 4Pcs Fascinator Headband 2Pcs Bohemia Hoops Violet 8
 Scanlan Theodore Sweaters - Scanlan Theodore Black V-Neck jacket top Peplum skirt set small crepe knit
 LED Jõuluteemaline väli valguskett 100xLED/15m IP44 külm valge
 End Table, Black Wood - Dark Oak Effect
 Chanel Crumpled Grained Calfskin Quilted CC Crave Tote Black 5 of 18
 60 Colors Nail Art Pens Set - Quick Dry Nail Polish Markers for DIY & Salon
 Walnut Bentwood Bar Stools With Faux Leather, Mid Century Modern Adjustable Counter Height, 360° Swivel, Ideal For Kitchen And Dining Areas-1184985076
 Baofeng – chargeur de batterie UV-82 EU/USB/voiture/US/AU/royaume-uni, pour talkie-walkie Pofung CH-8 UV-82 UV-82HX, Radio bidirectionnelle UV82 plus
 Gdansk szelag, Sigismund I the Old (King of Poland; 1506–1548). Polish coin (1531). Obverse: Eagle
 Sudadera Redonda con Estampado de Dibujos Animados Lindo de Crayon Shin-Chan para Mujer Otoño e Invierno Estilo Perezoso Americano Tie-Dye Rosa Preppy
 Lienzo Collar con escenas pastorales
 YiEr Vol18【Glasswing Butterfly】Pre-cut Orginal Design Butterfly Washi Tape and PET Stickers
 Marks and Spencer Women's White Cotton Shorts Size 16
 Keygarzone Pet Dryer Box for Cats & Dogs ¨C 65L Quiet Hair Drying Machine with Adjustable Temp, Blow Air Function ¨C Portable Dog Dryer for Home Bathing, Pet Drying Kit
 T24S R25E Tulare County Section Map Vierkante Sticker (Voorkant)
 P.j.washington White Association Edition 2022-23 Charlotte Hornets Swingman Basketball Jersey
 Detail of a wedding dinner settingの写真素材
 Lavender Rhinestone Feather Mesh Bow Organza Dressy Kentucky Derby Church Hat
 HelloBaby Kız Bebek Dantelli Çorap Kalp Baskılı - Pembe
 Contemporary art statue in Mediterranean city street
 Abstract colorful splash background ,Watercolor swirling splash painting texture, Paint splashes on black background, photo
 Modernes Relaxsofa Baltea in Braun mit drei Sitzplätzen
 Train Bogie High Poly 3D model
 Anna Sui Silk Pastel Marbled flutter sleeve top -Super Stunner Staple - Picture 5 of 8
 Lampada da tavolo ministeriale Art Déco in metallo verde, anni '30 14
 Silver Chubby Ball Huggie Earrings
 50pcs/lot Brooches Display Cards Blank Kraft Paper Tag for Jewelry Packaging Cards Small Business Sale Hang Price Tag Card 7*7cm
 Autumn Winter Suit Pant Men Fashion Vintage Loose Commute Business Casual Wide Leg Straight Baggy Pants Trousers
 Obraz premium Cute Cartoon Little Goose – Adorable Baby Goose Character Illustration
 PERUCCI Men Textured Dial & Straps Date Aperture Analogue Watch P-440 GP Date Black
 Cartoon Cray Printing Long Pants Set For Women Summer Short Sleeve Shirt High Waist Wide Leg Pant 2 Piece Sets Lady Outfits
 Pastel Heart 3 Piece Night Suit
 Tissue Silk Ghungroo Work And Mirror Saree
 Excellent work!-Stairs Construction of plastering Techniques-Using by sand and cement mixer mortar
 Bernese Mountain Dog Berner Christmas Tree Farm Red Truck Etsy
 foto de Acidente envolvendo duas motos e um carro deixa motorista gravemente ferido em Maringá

**HOW TO COMPLETE THIS TASK**
Word for word, restate the lines of the listing above starting at the line with "Scanlan Theodore Sweaters" and ending at the line with "Baofeng – chargeur", and nothing outside them.

**WRITTEN RESPONSE**
 Scanlan Theodore Sweaters - Scanlan Theodore Black V-Neck jacket top Peplum skirt set small crepe knit
 LED Jõuluteemaline väli valguskett 100xLED/15m IP44 külm valge
 End Table, Black Wood - Dark Oak Effect
 Chanel Crumpled Grained Calfskin Quilted CC Crave Tote Black 5 of 18
 60 Colors Nail Art Pens Set - Quick Dry Nail Polish Markers for DIY & Salon
 Walnut Bentwood Bar Stools With Faux Leather, Mid Century Modern Adjustable Counter Height, 360° Swivel, Ideal For Kitchen And Dining Areas-1184985076
 Baofeng – chargeur de batterie UV-82 EU/USB/voiture/US/AU/royaume-uni, pour talkie-walkie Pofung CH-8 UV-82 UV-82HX, Radio bidirectionnelle UV82 plus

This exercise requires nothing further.